Databricks Community

soumiknow · ‎05-18-2025

We have the following code which we used to load data to BigQuery table after reading the parquet files from Azure Data Lake Storage:

df.write.format("bigquery").option( "parentProject", gcp_project_id ).option("table", f"{bq_table_name}").option( "temporaryGcsBucket", f"{temp_gcs_bucket}" ).option( "spark.sql.sources.partitionOverwriteMode", "DYNAMIC" ).option( "writeMethod", "indirect" ).mode( "overwrite" ).save()

This code was working, but for last week onwards we are getting the following exception:

bigquery.storageapi.shaded.com.google.cloud.spark.bigquery.repackaged.com.google.cloud.bigquery.BigQueryException: Query error: Value has type STRUCT which cannot be inserted into column source, which has type STRING at [7:2393]

Even though the exception clearly mention that the incoming data has STRUCT data type instead of STRING data type. But we cross checked the data which was not at all in STRUCT.

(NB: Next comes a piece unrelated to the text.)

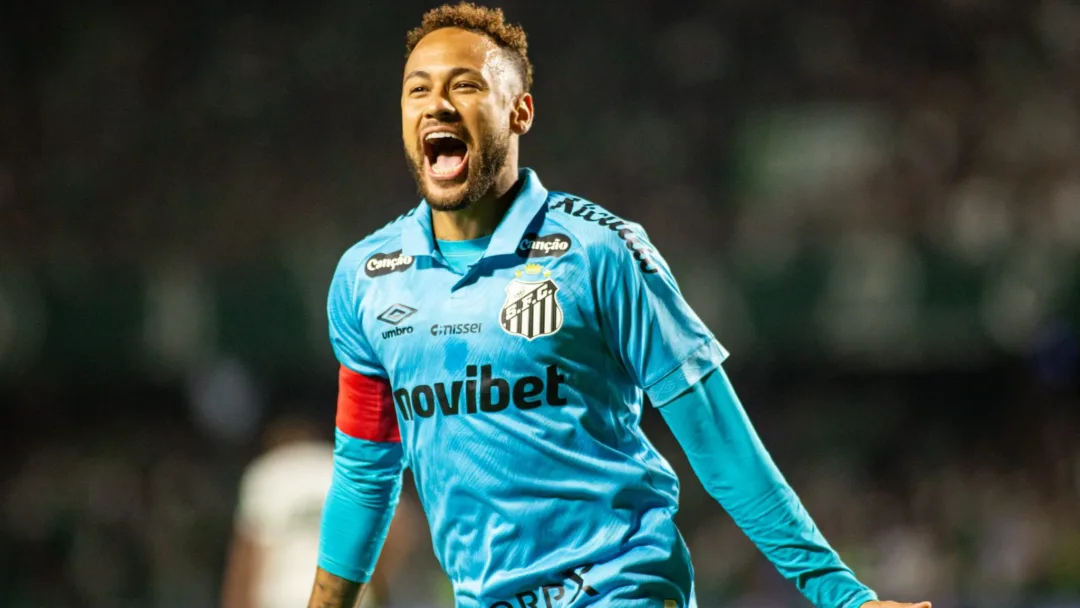 Neymar encara o Coritiba pelo Santos sob olhar de Ancelotti às vésperas da lista da Copa - Imagem do artigo original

However, when we changed the mode to 'append' from 'overwrite'; the same data got loaded successfully.

To re-confirm the incoming data type, we loaded the specific 'source' column data to a temporary table which is being created automatically by providing the dataset name in 'append' mode. On newly created table, the same 'source' column data loaded with 'STRING' data type only.

So, the issue is happening with 'overwrite' method only.

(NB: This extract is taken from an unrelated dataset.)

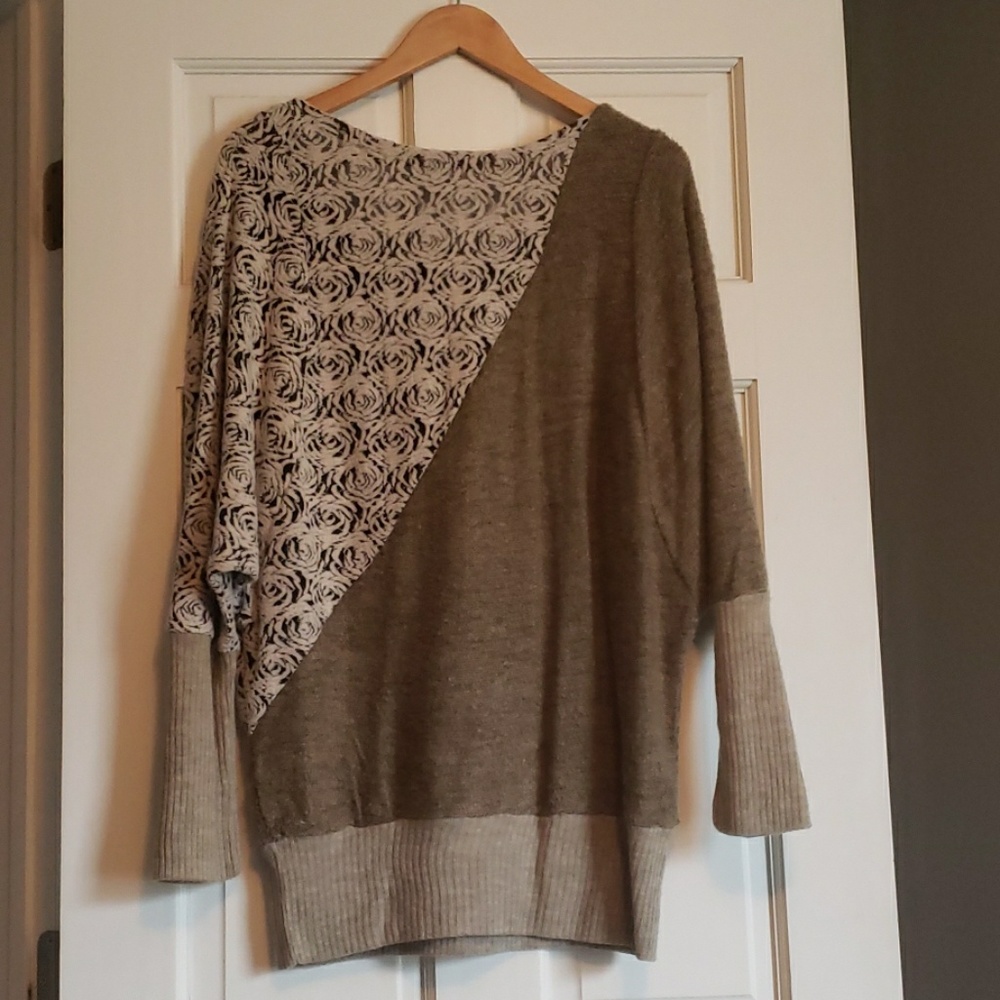 Asymmetrical Patterned Sweater - Picture 2 of 3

We are using DBR 16.1 and spark-3.5-bigauery-0.41.0.jar.

Please suggest how to overcome this issue with 'overwrite' method.

mark_ott · ‎10-29-2025

The issue you are facing arises when using mode("overwrite") with Spark to load data into BigQuery—the error indicates BigQuery expects a STRING type for the source column, but it is being supplied a STRUCT type during overwrite operations. Strangely, the same data loads fine in append mode and the temporary table shows the correct STRING type for source as well.

Key Points from Your Case

Append mode works: The data writes as expected and BigQuery's schema keeps source as STRING.
Overwrite mode fails: Exception about STRUCT vs STRING mismatch, even when data appears correctly formatted.
DBR version and connector: Using Databricks DBR 16.1 and spark-3.5-bigquery-0.41.0 connector.
Schema inference: Spark infers schemas for columns unless explicitly provided.
Temporary tables during overwrite: Overwrite operations sometimes create/rely on temp tables or rely on schema merging logic, which can cause mismatches if the source DataFrame and the target table schema don't align perfectly.

Why the Issue Occurs

When using overwrite, Spark replaces the table's data and often needs to reconcile the schema between your DataFrame and the existing BigQuery table schema. If your DataFrame column (e.g., source) has nested fields or is null, Spark/BigQuery may interpret this as STRUCT—especially if any row contains a dictionary/object instead of a plain string.

In append mode, BigQuery applies type conversion based on incoming data; new tables get string columns because your DataFrame’s DDL shows STRING type.
In overwrite mode, schema merging can be stricter or misinterpret ambiguous types (e.g., all-null columns or mix of types), leading to a STRUCT-STRING mismatch.

Solutions & Workarounds

1. Explicitly Cast Columns in DataFrame

Before writing, make sure all columns match the expected types:

python

from pyspark.sql.functions import col

df = df.withColumn("source", col("source").cast("string"))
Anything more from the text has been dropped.